The ground shook, an earthquake thrice the power of when Y’vah’s shield had collapsed. Alexander gripped the side of the dragoon, his jaw falling slack. It couldn’t be. His eyes must be deceiving him.
Shadow and water rolled off the creature rising from the waters beside the tall castle cliff. Its head was the size of a cottage, its broad shoulders little blue hills. It continued to rise, higher and higher, four arms digging into the steep cliffside as it pulled itself up from the ocean. The gargantuan creature was beyond anything Alexander had ever seen. Its three-fingered hands bore enormous spikes of ice, and they slammed into the hard stone, pulling itself toward the castle. The creature had milky white eyes, no mouth, and a crown of horns formed by nine jagged spikes of frost. Long, thick icicles trailed from its head down to its waist, frosted white and shimmering like frozen hair.
“The iceborn,” Alexander whispered, still in shock. “It’s all of them together. Every last one.”
The cliffside began to crumble under the gargantuan’s weight, but it kept digging deeper, pulling itself higher as boulders crashed into the ocean below. The dragoons turned their fire toward it, needing no order to prioritize such a terrifying monstrosity. Fire, lightning, and stone struck its arms and sides, sending showers of frost flying in small white puffs. They were but bee stings, inconveniences as the iceborn climbed, and cli
mbed, until it reached the castle and the dragoons stationed atop.
It took less than a minute for the iceborn to smash the ancient fortress to the ground.
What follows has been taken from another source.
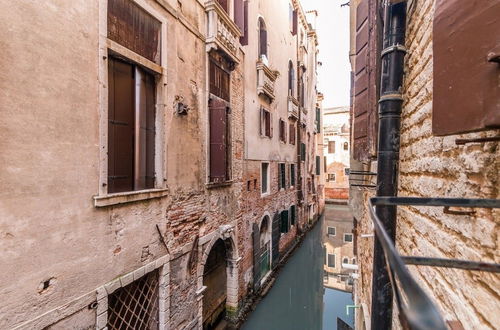 Photo 44 - Fenice Backstage over Canal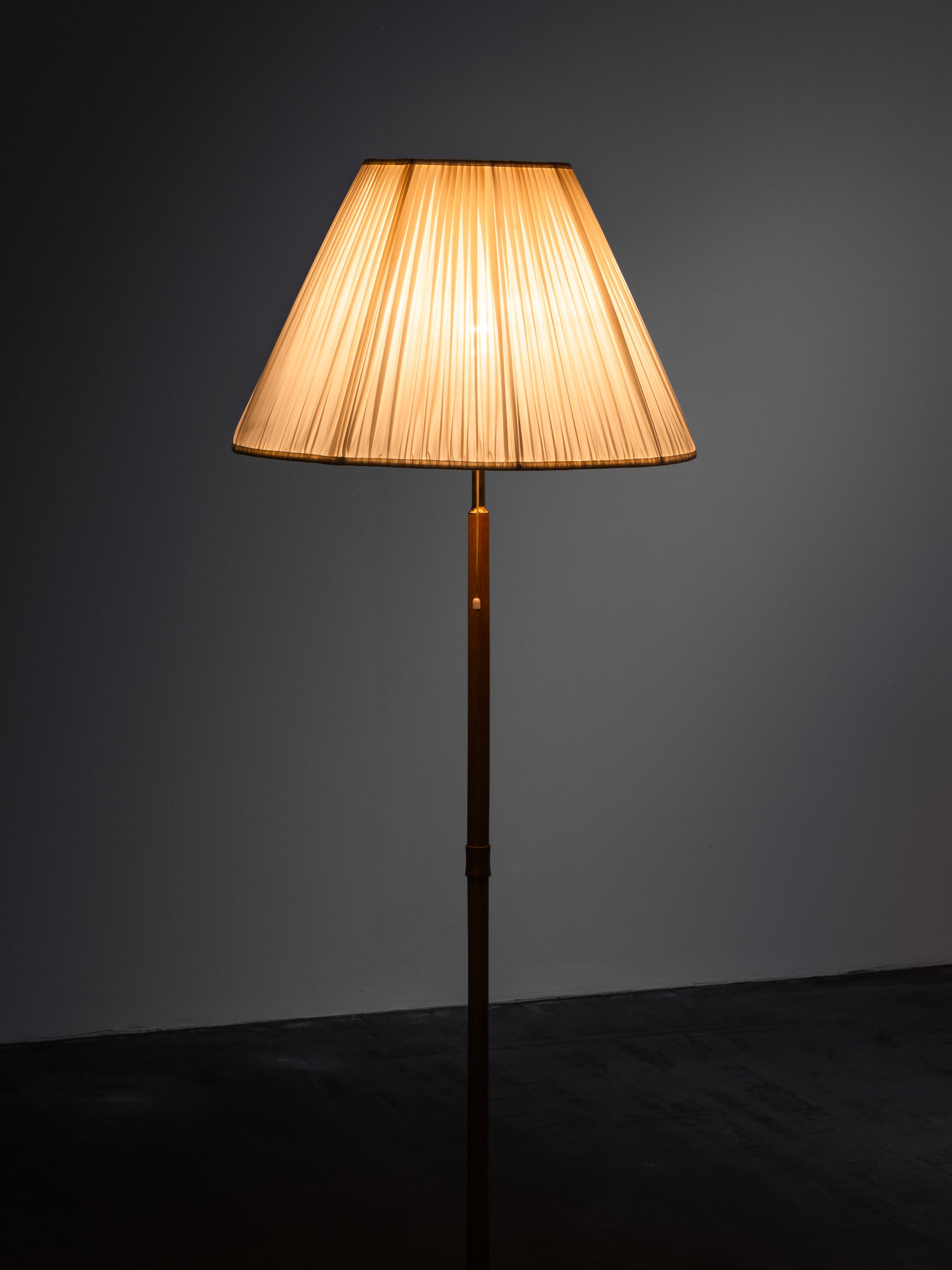 Scandinavian Oak &amp; Brass Floor Lamp with Pleated Silk Shade, 1960s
Its four arms thrashed and grabbed, walls crumbled by its strength, towers collapsed like they were made of glass instead of centuries-old stone. Alexander watched it all with newfound horror in his gut and tears threatening his eyes. The ice of the creature’s face split wide, giving it a mouth with which to speak. The creature’s voice thundered across the countryside like a volcanic eruption.
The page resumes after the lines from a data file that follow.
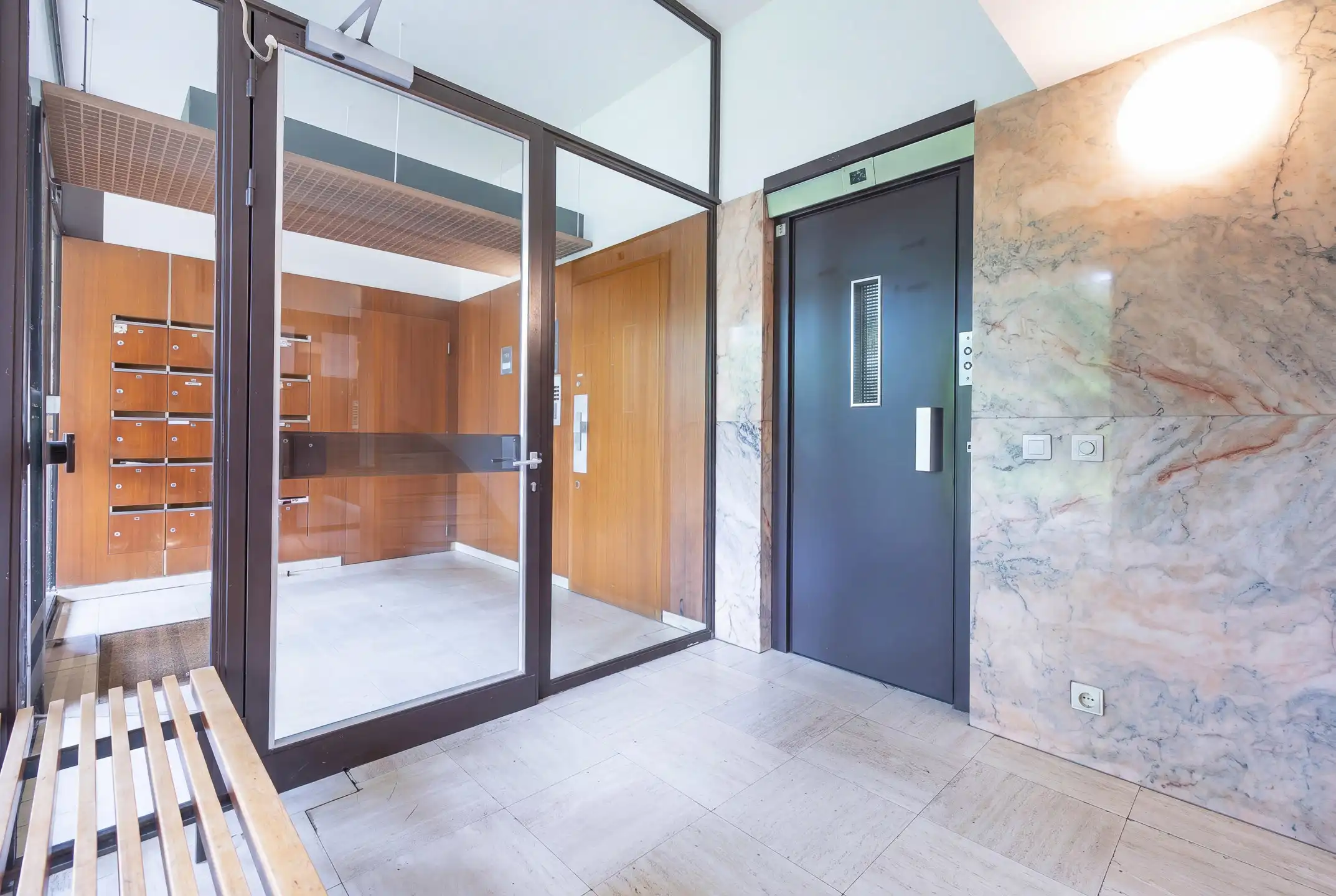 Prachtig gerenoveerd 2slpk appartement, parking en kelder foto 19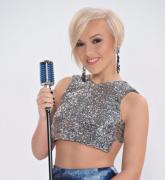 Mădălina Lefter s-a transformat dintr-o fetiţă timidă într-o vedetă supersexy!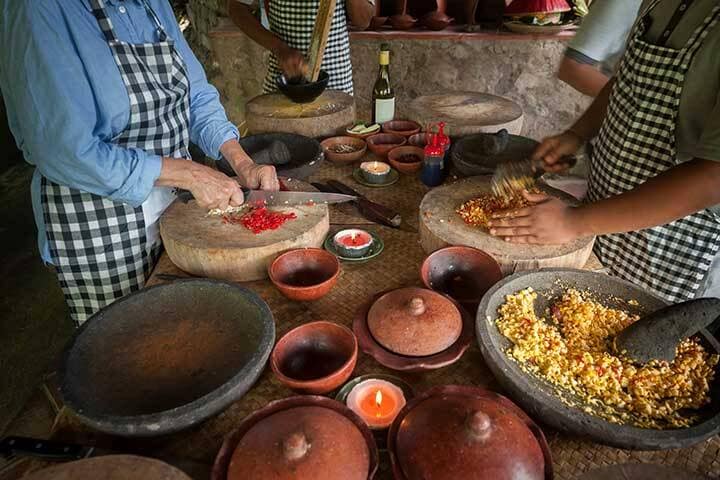 Balinese Cooking Class. Food in Bali is a complicated process with lots of chopping and preparation and mixing of exotic spices. Cooking classes are held in many of the hotels and restaurants.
YOU ARE CHILDREN WITH TOYS. BREAK THEM. BREAK THEM ALL.
The entire cliff collapsed, castle and iceborn crumbling together to the ocean. The iceborn’s laughter was still audible over the roar of the stone and the splash of the water.
Alexander climbed down from the dragoon, his hands shaking and his knees weak. The plan had been to retreat to the castle should the battle turn ill, but there would be no retreat. There was no castle. The gargantuan iceborn had crushed it to rubble with its mere fists. The soldiers had lost the stone barricade along the beachhead, forced to engage in scattered duels without shield brothers to rely upon. The stoneborn had stopped flinging demons and instead were throwing enormous chunks of ice and stone at the Seraphim in the sky, scattering them out of their tight formations.
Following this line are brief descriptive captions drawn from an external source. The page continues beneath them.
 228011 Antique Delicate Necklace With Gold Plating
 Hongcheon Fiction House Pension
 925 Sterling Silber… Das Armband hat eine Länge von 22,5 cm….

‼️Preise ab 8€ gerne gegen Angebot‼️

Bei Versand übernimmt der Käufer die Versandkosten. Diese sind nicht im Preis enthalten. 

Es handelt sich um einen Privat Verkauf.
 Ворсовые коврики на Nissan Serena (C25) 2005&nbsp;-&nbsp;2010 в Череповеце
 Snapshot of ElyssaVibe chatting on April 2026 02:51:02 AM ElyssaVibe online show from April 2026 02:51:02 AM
No hope left. The battle was lost. Alexander reached into his pocket and pulled out a heavy gold cylinder. He twisted off the top, then pushed the bottom, connecting the light element inside to the many wires built into the cylinder. A thick beam of light focused by a series of mirrors across the top shone into the air. Alexander held the light aloft, waiting. Within moments one of the golden wings curled his way, a Seraph coming to answer his summons.
“Our forces are broken,” First Seraph Kaster said, landing before the Lord Commander on one knee. “What are your orders?”